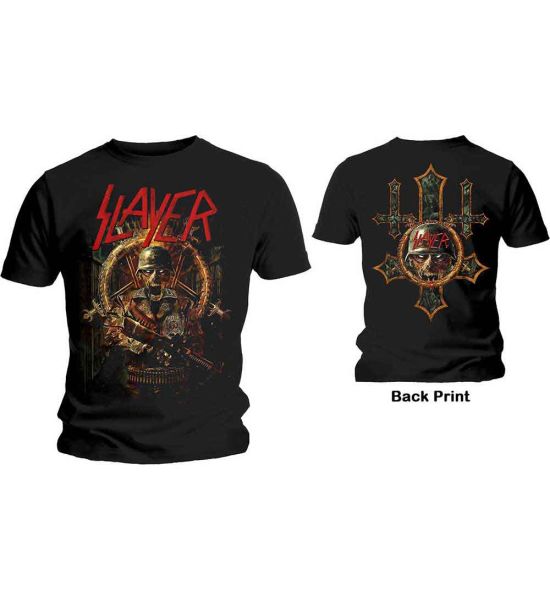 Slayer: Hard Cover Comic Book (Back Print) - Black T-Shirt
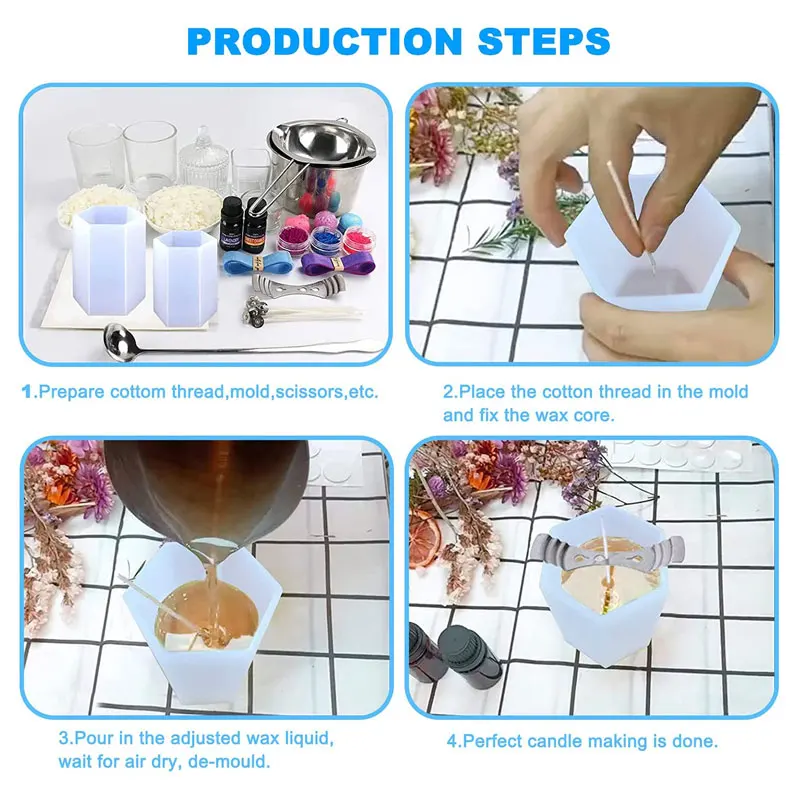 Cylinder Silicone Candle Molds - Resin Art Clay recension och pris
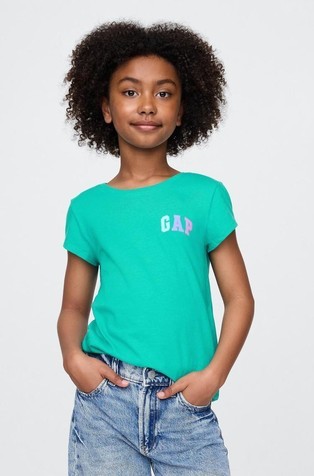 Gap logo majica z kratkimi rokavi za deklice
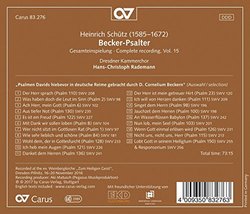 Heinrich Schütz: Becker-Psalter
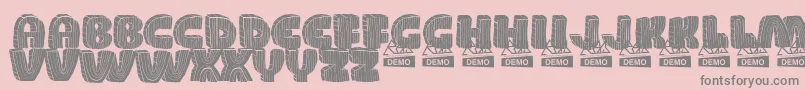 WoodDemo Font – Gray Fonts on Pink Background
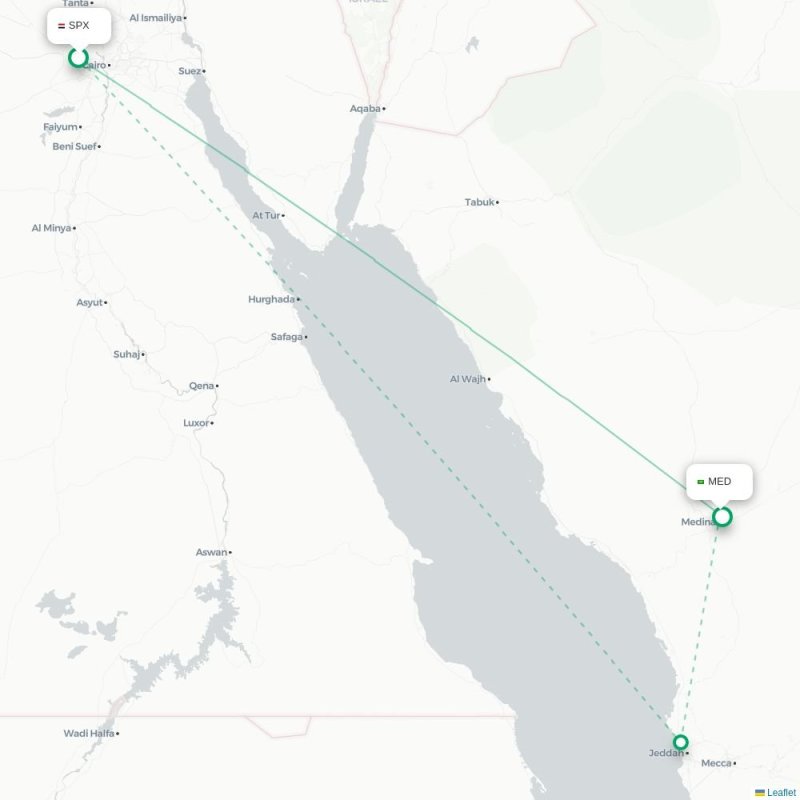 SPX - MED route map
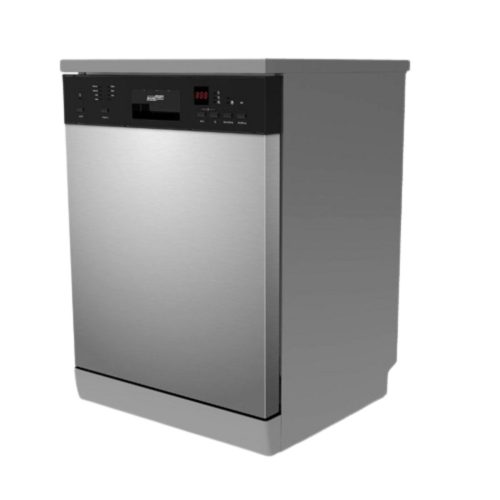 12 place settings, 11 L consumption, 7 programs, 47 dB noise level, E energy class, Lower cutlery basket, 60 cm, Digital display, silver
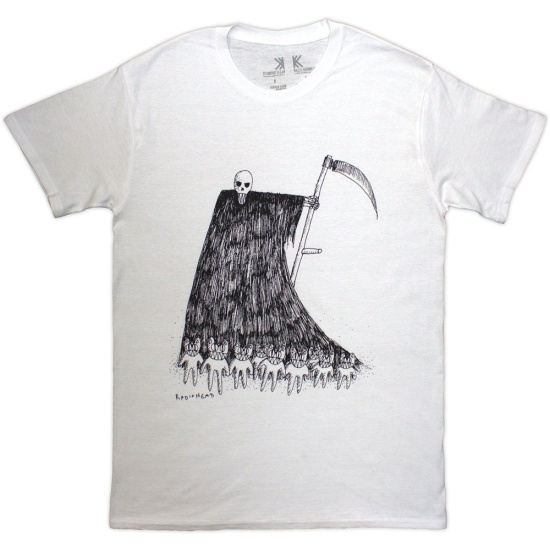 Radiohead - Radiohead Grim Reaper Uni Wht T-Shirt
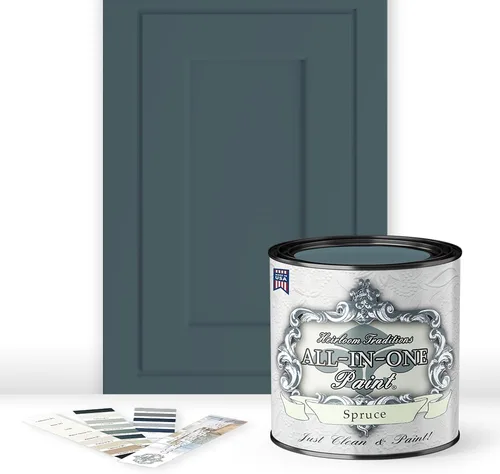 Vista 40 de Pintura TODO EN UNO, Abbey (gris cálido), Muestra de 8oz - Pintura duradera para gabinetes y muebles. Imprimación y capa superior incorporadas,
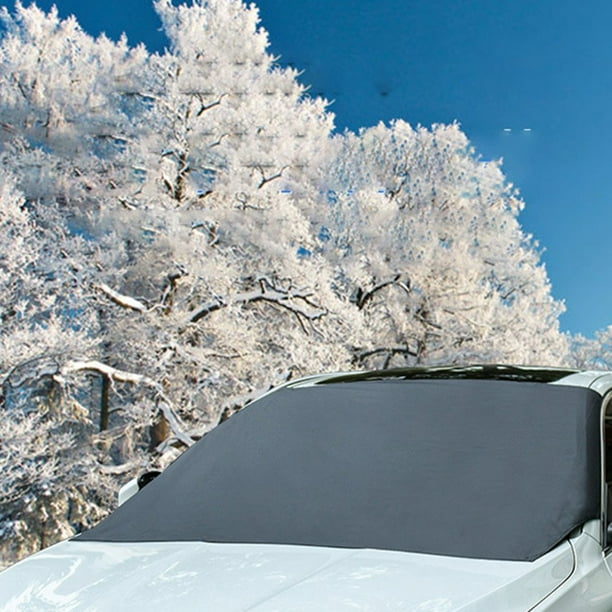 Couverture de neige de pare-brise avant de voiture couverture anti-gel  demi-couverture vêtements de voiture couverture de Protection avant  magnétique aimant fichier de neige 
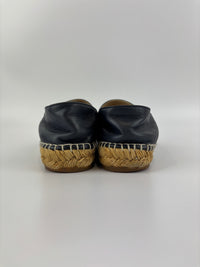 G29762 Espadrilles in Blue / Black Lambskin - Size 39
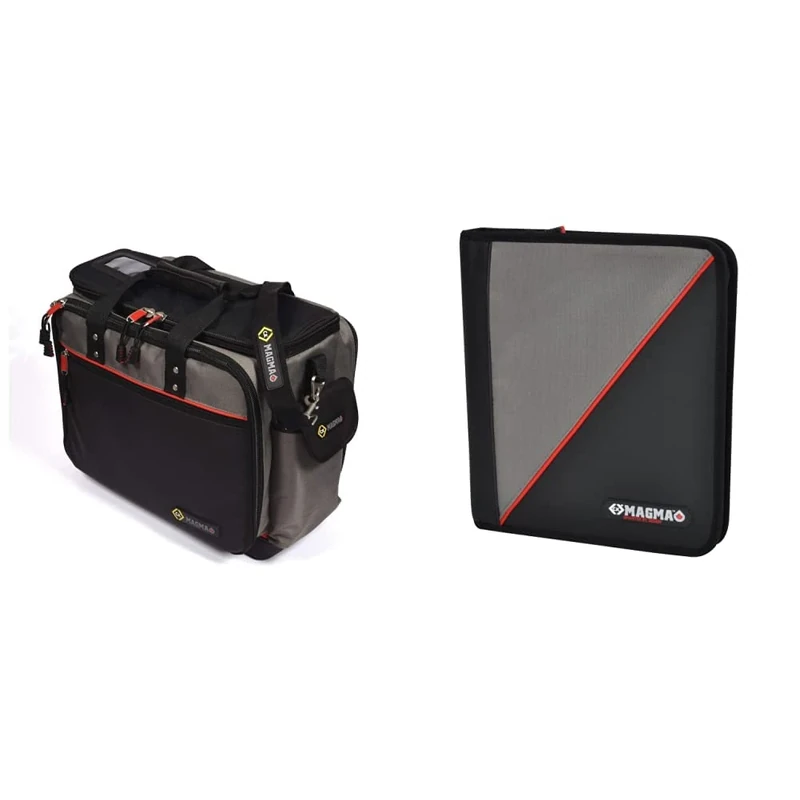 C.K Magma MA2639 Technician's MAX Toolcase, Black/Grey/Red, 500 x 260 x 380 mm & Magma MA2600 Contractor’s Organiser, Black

====

What you need to do:
Look above for the line with "Heinrich Schütz: Becker-Psalter" and the line with "Radiohead - Radiohead", then copy exactly the lines from the first through the second, both kept, with no pictures.

Task output:
 Heinrich Schütz: Becker-Psalter
 WoodDemo Font – Gray Fonts on Pink Background
 SPX - MED route map
 12 place settings, 11 L consumption, 7 programs, 47 dB noise level, E energy class, Lower cutlery basket, 60 cm, Digital display, silver
 Radiohead - Radiohead Grim Reaper Uni Wht T-Shirt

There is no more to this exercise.